I’ve yearned to be an author since I was a kid. As a child, I was obsessed with books, and I’d haunt libraries and bookstores for fun. From the time I could write a legible sentence, it seemed, stories just poured out of me and onto the page. I’ve been writing fiction in some capacity since I was nine years old. But even before that, stories were swirling around in my head, and I acted them out with my dolls. I just knew this was what I wanted to do for a career. I think the drive was further cemented when I took writing classes, or whenever we were asked to write a story for a project in school. I entered some contests for young writers, too. I became consumed with researching the profession, and dedicated myself to pursuing those dreams.
Where do you prefer to write? With music or without?
I often write in bed, just before I go to sleep. But now and then, the muse strikes when I am at the dining table, lounging on the sofa, or while I’m outside on the patio. I think I can get more accomplished when the sounds of nature fade into the background, and I’m not distracted by a bunch of other people in the house.
As for music, it really depends on the project. I usually don’t write with music on, but sometimes the occasional song can inspire a scene or help immerse me in the character’s mindset.
How did publishing your first book change you as a writer?
I think dipping my toes in the indie publishing industry in 2010 gave me a glimpse into the world I needed to learn about. There are so many aspects an indie author must cover – steps that traditional publishers do every day – and most of us don’t necessarily consider them. I’ve learned to take each project in careful steps – writing, outlining, more writing, then take a break before I tackle the difficult editing process, final revisions, as well as all the marketing aspects involved in publishing. I have also worked with a publisher for several of my books. I have the good fortune of understanding both sides to a writing career.

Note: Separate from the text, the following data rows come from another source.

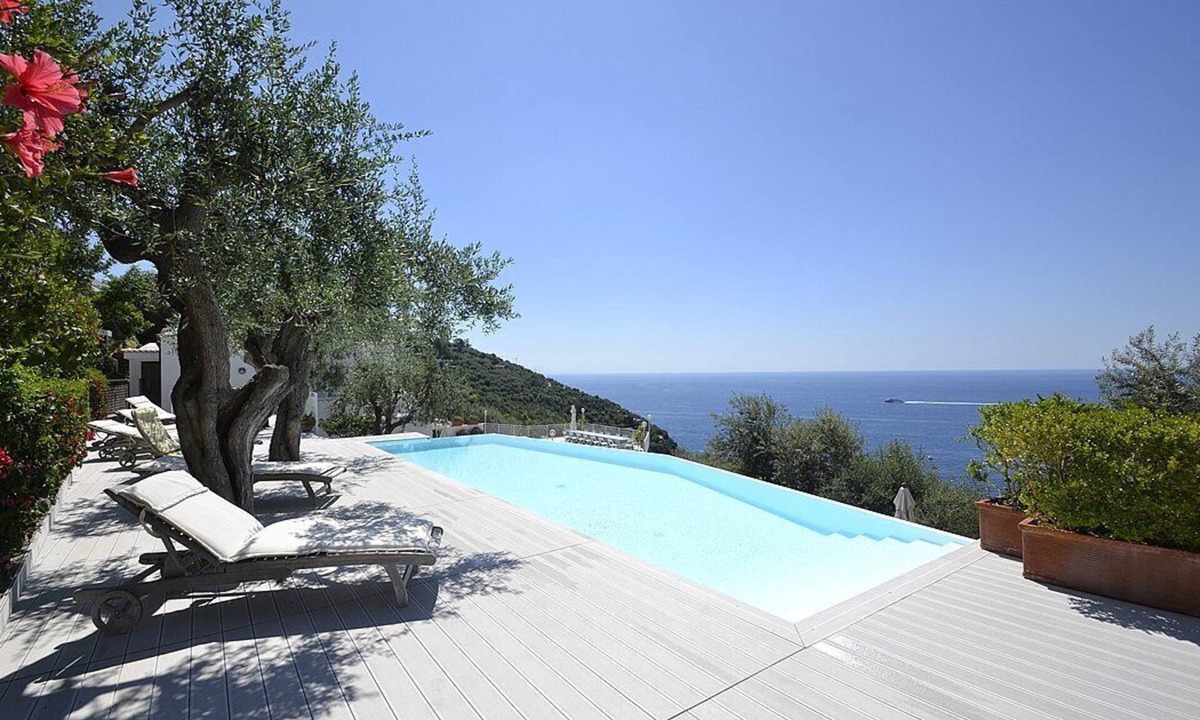 Marina del Cantone Villa | Villa Libellula: A charming and bright three-story villa which faces the sun and the sea, with Free WI-FI.
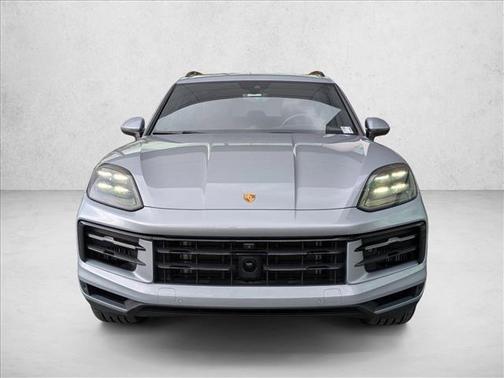 Dolomite Silver Metallic 2024 Porsche Cayenne Cayenne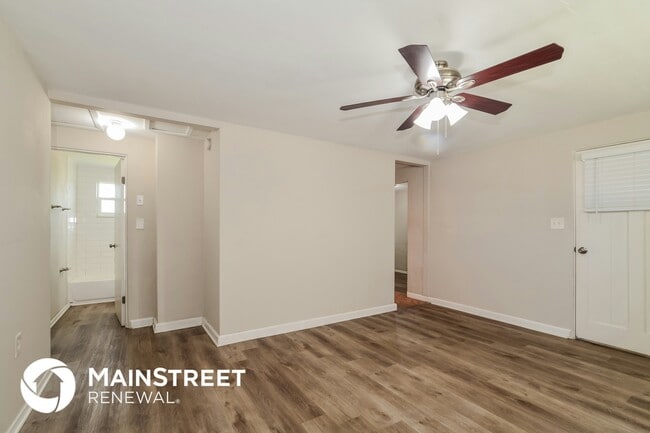 Photo - 806 W Arizona Ave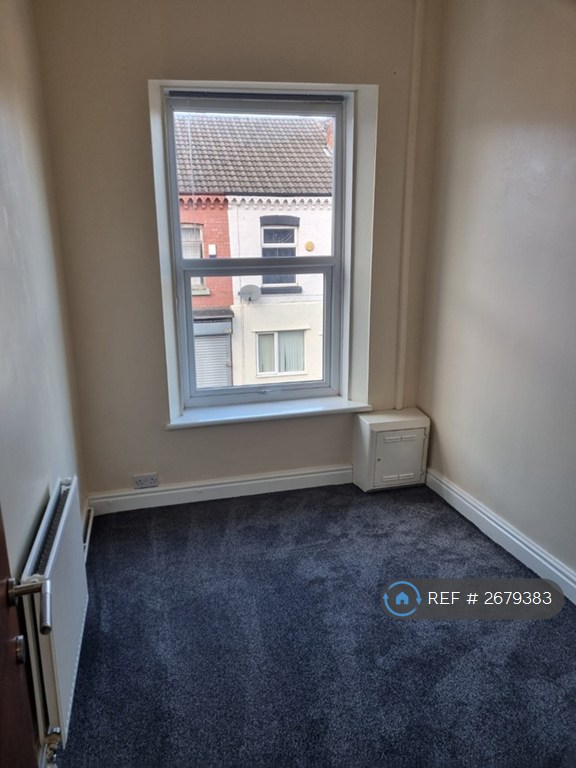 2 bedroom flat in New Ferry Road, Wirral, CH62 (2 bed) (#2679383)
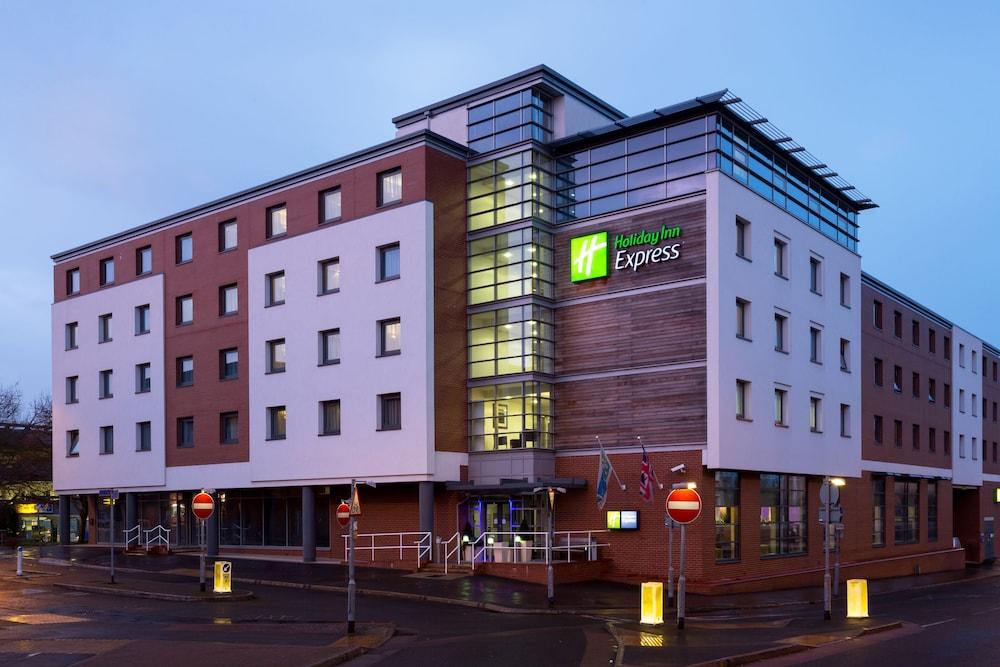 Holiday inn Express Harlow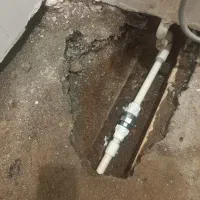 لوله کشی لوله بازکنی موتورخانه تاسیسات رفع نشتی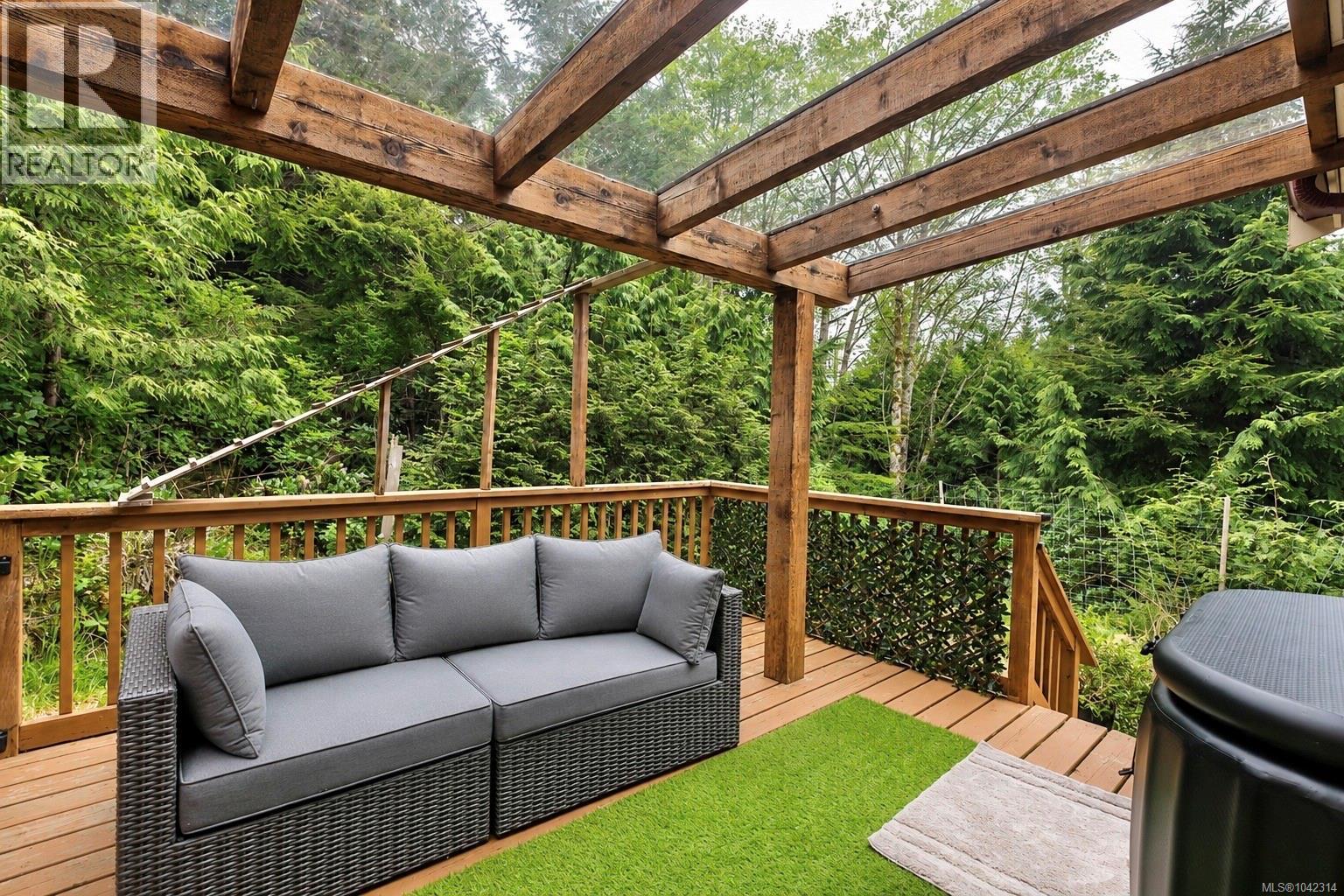 1302 Victoria Rd, Ucluelet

If you could travel anywhere, where would it be?
I’d like to visit Ireland, get in touch with my roots. My great-grandfather was Irish. But there are a lot of places I would love to travel. I think castles are cool, so it would be fantastic to explore Europe. I also want to figure out more about my Cherokee heritage, maybe visit sites which expand on that.
Do you proofread/edit all your own books or do you have someone to do that for you? Is there a specific service you use? And what about cover art?

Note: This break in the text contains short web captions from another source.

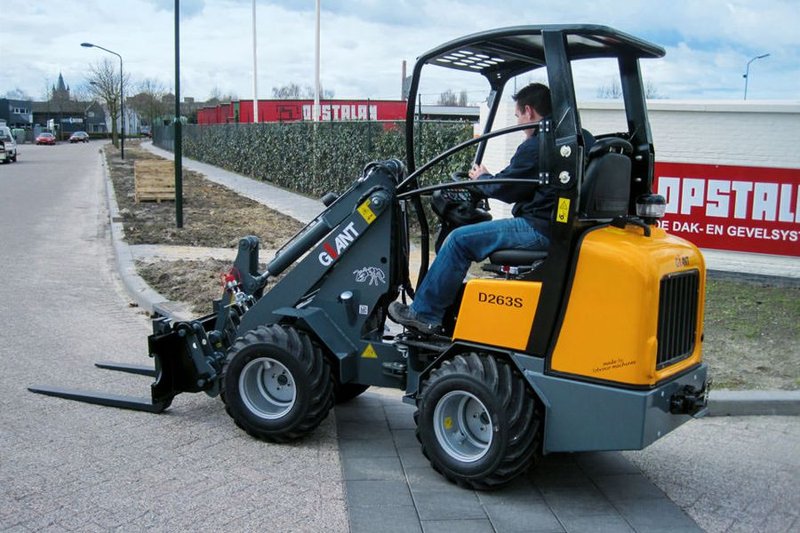 Колесные погрузчики Giant D 263 S 75044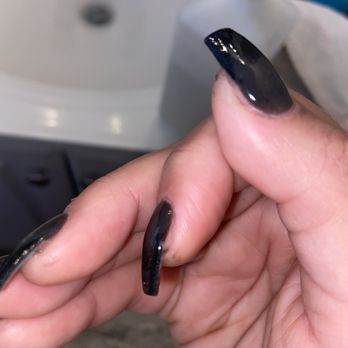 LT Nail Lounge - Nail Salons Near Me - Crystal Lake, Illinois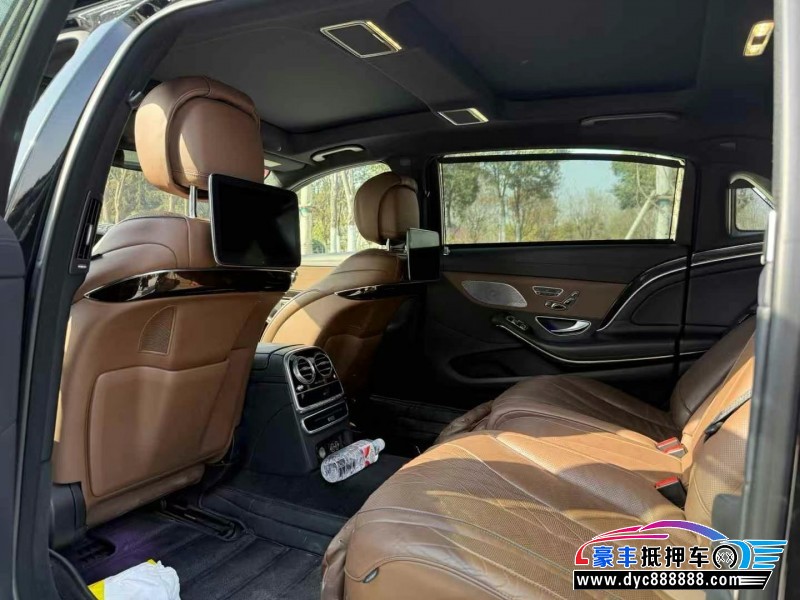 18年奔驰S轿车抵押车出售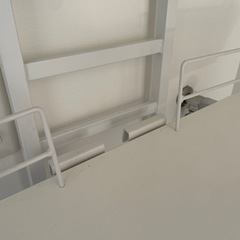 【前橋市直接引き取り限定】洗濯機上突っ張りラック　可動棚　ニトリ　IKEA 白　の画像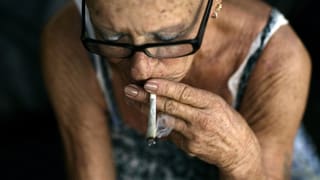 Eine krebskranke Israelin konsumiert ärztlich verordnetes Cannabis. 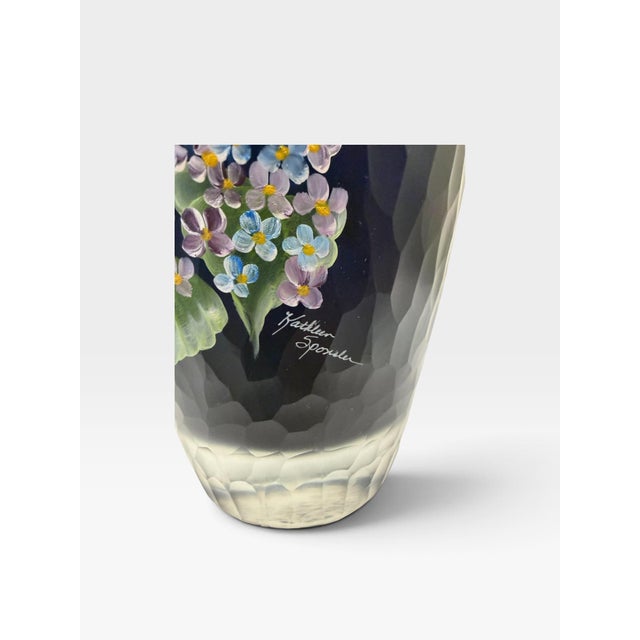 Art Deco Signed Fenton Art Glass Faceted Cut-to-Clear Vase by Kathleen Sponsler – Hummingbird & Hydrangeas For Sale - Image 3 of 8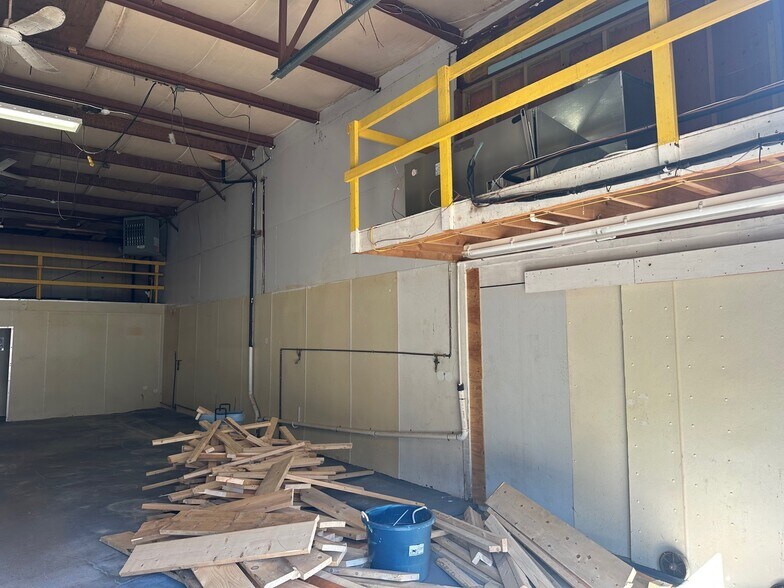 More Photos Of 20 Walts Way, Narragansett Warehouse For Sale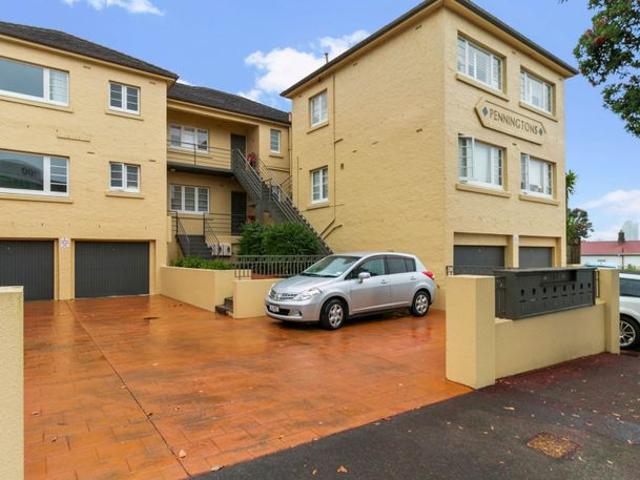 Apartment for rent in Three Lamps, Auckland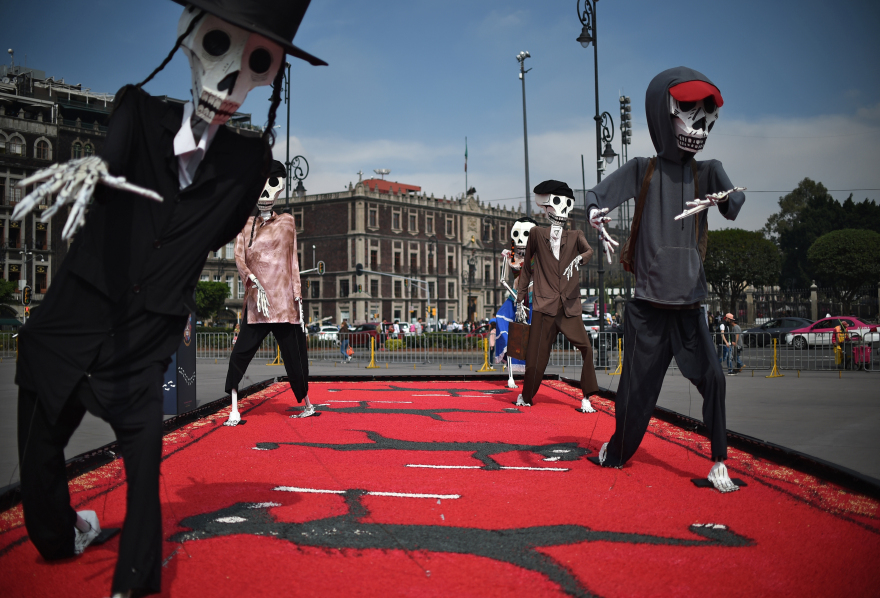 Το Μεξικό άνοιξε τις πύλες του Κάτω Κόσμου: Εκπληκτικές εικόνες από την «Ημέρα των Νεκρών»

I will never send my work out into the world unedited, at least on some level. I keep it really close to the vest until there have been numerous passes at it. I edit my own book as much as I can, then I hand the manuscript over to a trusted proofreader and some beta readers to ensure there are no plot holes. After it’s as clean as possible from that end, my publisher has the book and they assign their own editors. If I’m going indie, then I’ll have another proofreader take a look just to be sure nothing was missed.
The editors/proofreaders I liked include Shawna K. Williams, Kathi Sprayberry, Cynthia Ley, Kathy Collier, Anthony Kohler, Fred Crook, Tracy Guzzardo, Melissa Manes, Steve Soderquist, Jennifer B. Gaubert, and Belinda Y. Hughes.

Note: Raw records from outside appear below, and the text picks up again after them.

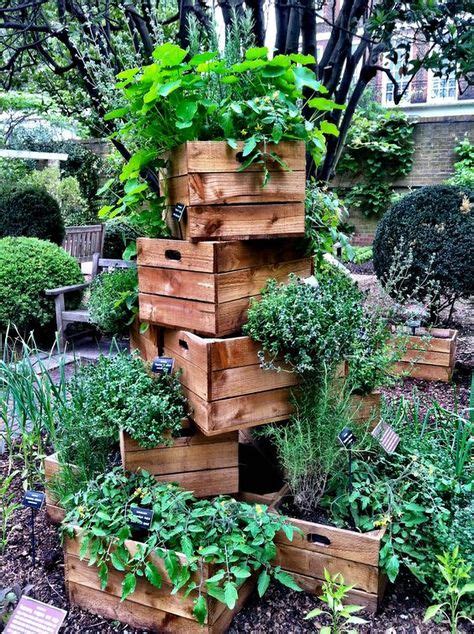 Ein vertikaler garten nimmt kaum platz ein. Vertikale Gärten für kleine Balkone & Terrassen ...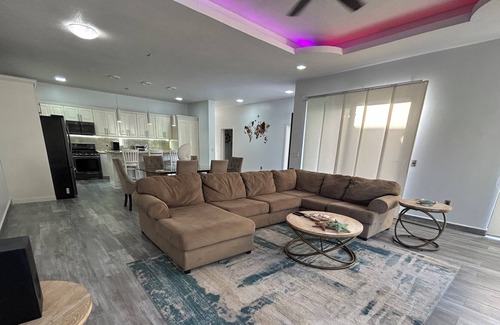 Pristine Bay Villa | Casa Encanto close to the beach Coral View Village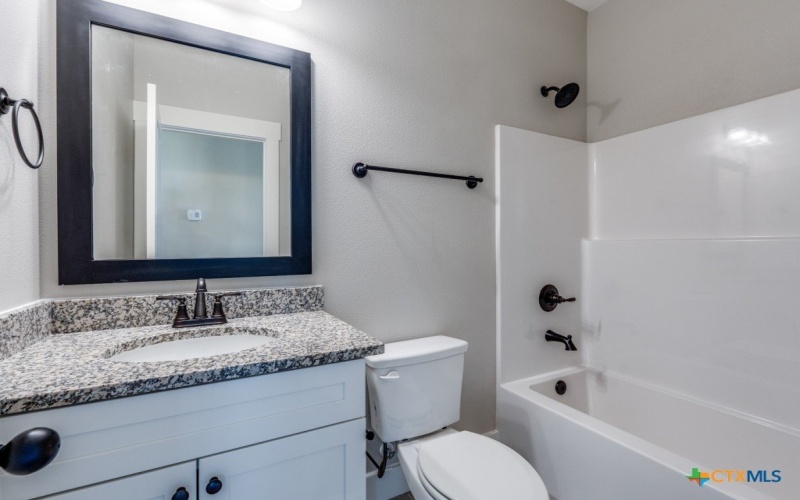 188 Turnberry Drive, La Vernia, TX 78121, 4 Habitaciones Habitaciones , ,2 BañosBaños,Residential,En Venta,188 Turnberry Drive,0,584965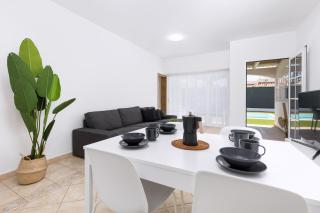 Home2Book Luxury Villa Escape, Private Pool & BBQ - Antigua - 9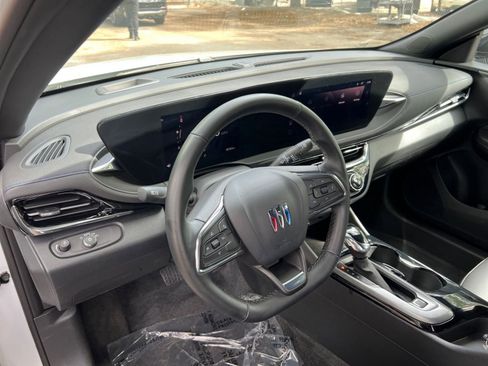 Used 2025 Buick Envista Sport Touring image 31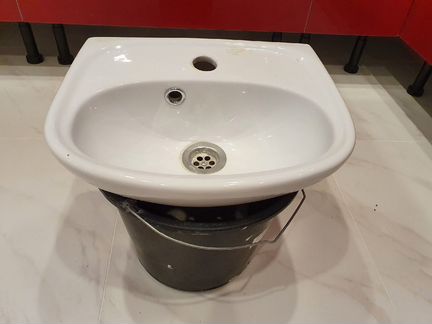 Подвесная раковина в туалет + смеситель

Yes, I’ve designed some of my own book covers, but I purchased several from professional artists as well, or at least used the ones my publisher provided. Having a good cover which resonates with a reader – something that reflects the book’s contents yet maintains a certain mystery – is essential. Some great cover artists I’ve had are Kayden McLeod, Dawné Dominique from DusktilDawn Designs, Select-O-Graphix, Deborah Melanie, SwoonWorthy Book Covers, Sherry Soule at Spellbinding Designs, Avdal Designs, and LDM Graphics.